In 1782, between the signing of the Declaration of Independence and the adoption of the Constitution of the United States, noted historian, public servant and barrister George Richards Minot nailed his sign to an elm tree in what is now Boston’s financial district, opened an office, and thus began a tradition of fiduciary services that has endured for over 200 years. His firm evolved into the present day Rice, Heard & Bigelow, which is proud of its heritage and committed to carrying on Mr. Minot’s tradition of individual – not corporate – trusteeship for clients who desire personal attention to their investments, estate plans and tax matters.

As perhaps the first private trustee office in the nation, Rice, Heard & Bigelow (RHB) is now one of the few places where individuals and families can go for professional management of their personal assets and affairs by people serving as their trustees. This is unique in the world of trust companies, corporate trustees, national banks and institutional investment advisors. Rather than follow the modern corporate model, RHB has remained independent and driven by the quality of its people and its clients. The firm remains based in Boston and serves several generations of families across the country and around the world.

Boston Evening Standard Reprint

Boston Evening Transcript article printed on January 5, 1935 about the members of Minot, DeBlois & Maddison, predecessor firm to Rice, Heard & Bigelow.

In describing the role of the private trustee, a Boston Evening Transcript article printed on January 5, 1935 referred to the members of Minot, DeBlois & Maddison, predecessor firm to RHB, as follows: “The Boston Trustee is known over all the country as an outstanding example of the man who serves ably and honestly those who entrust to him the care of property and the conserving and upbuilding of estates.” These words are as appropriate a description of the current trustees of RHB as they were of the early trustees of the firm.
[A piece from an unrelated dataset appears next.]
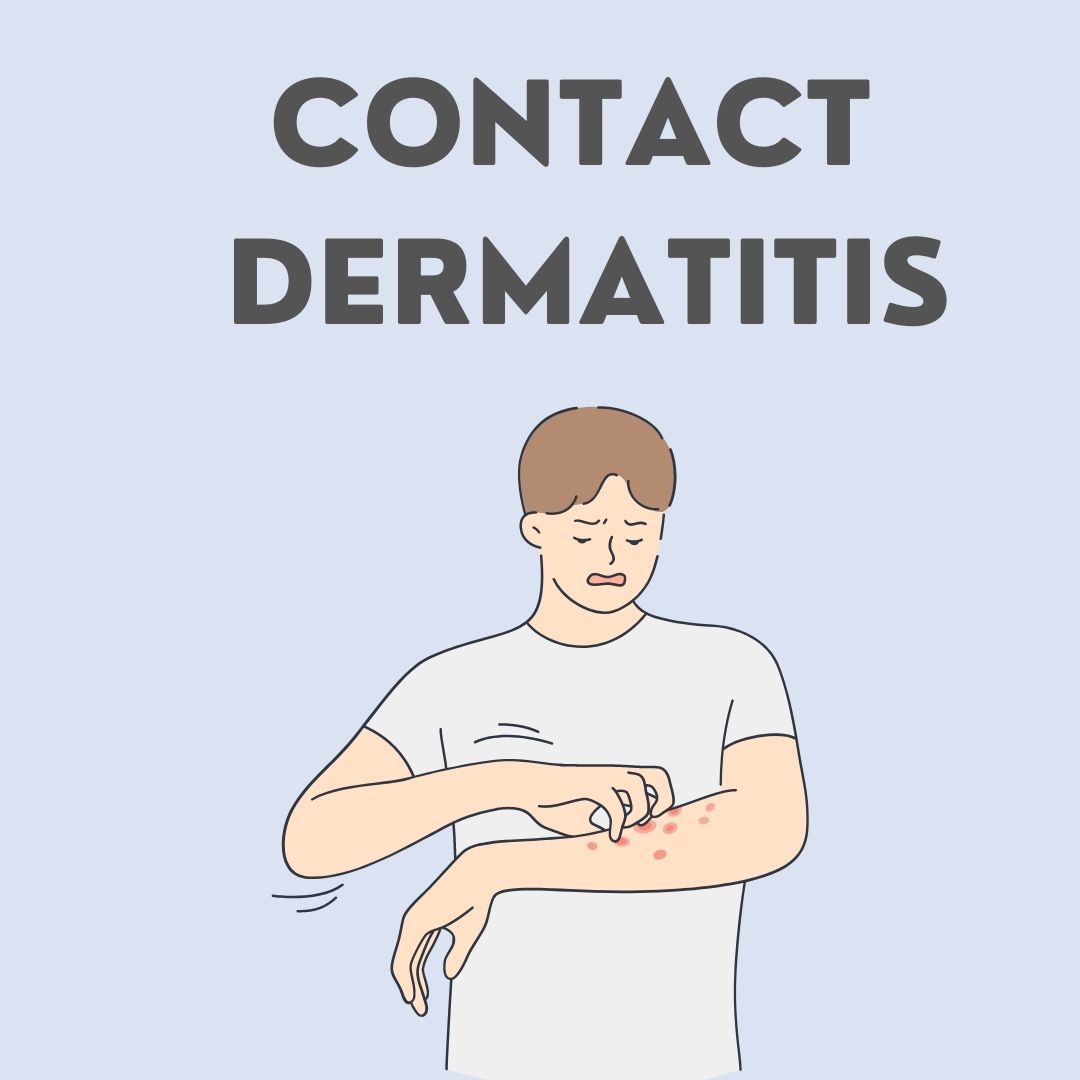 Contact Dermatitis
When William Minot, son of George Richards Minot, first began his distinguished fiduciary career, he was entrusted with $4,000 that Benjamin Franklin had bequeathed to Boston. After 64 years of Mr. Minot’s administration, he turned over $125,000 to the City. In more recent times, the prominent philanthropist Charles Cotting established a trust upon his death in 1985 to subsidize students and faculty at the Harvard Business School. He named members of RHB to manage his trust, which is now the largest of its kind at the school. These examples are reflective of the firm’s history of consistency in upholding the wishes of its clients and in building wealth over long periods of time.

Since 1782 the world has undergone radical changes. People at RHB and its predecessor firms have come and gone. Yet the dedication to personal service for clients and commitment to a standard of excellence in working with and understanding each individual, family or charity remain the same today. Whether the matter is a complicated income tax problem, the settlement of an estate, a multi-generational gift plan, a tailored investment policy statement or the management of various sources of wealth, clients rely heavily upon the firm’s rich blend of legal, tax and investment professionals. It is our mission to continue to be a safe harbor for those looking for independent advice, honesty, responsiveness and trust, all of which Mr. Minot instilled in this firm over 200 years ago.